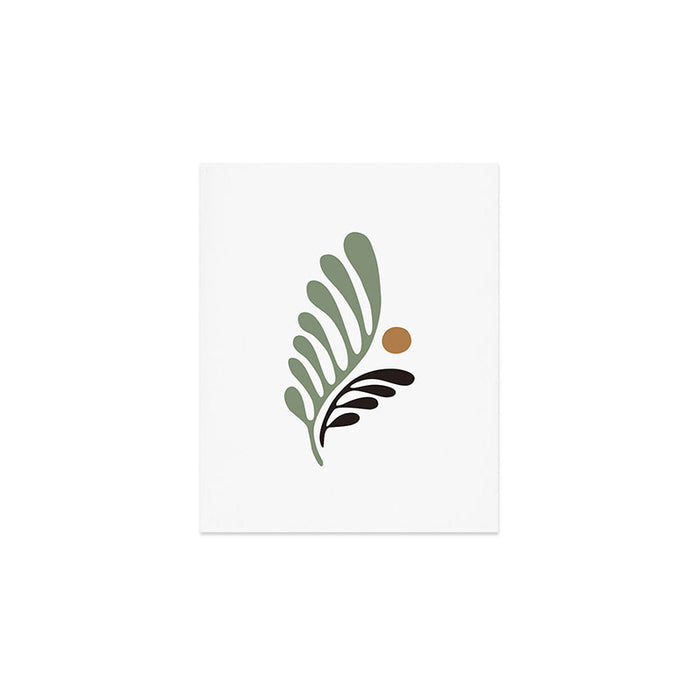 Simplicity Leaf and Sun Duo Art Print Gallery Image 1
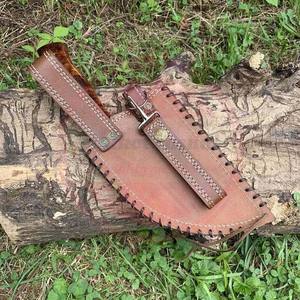 Cuchillo de carnicero de cocina profesional hecho a mano de acero inoxidable | cuchillo de carnicero de Damasco usado a diario al por mayor - Product Image 5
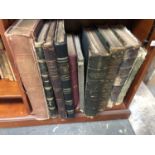 A COLLECTION OF 19TH CENTURY AND LATER BOUND BOOKS, TO INCLUDE ATLAS' ETC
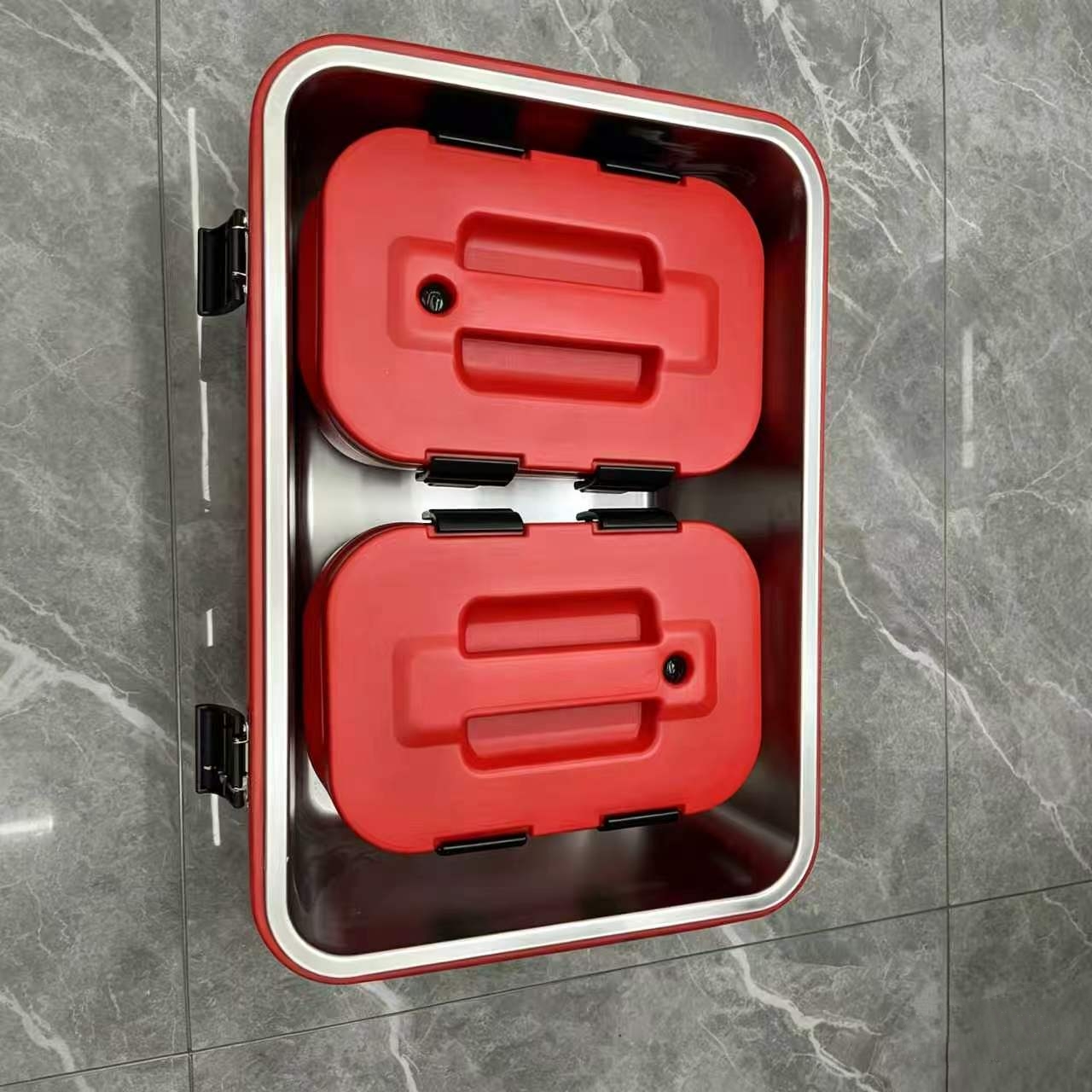 頑丈な10L 20L 30L 40L 長方形食品保存容器4個 - Food Storage To Keep Warm のレビューと価格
|---|
- _TASK_: Copy the listing above word for word. Do not include the pictures.

- _RESULT OF THE TASK_:
 Simplicity Leaf and Sun Duo Art Print Gallery Image 1
 Cuchillo de carnicero de cocina profesional hecho a mano de acero inoxidable | cuchillo de carnicero de Damasco usado a diario al por mayor - Product Image 5
 A COLLECTION OF 19TH CENTURY AND LATER BOUND BOOKS, TO INCLUDE ATLAS' ETC
 頑丈な10L 20L 30L 40L 長方形食品保存容器4個 - Food Storage To Keep Warm のレビューと価格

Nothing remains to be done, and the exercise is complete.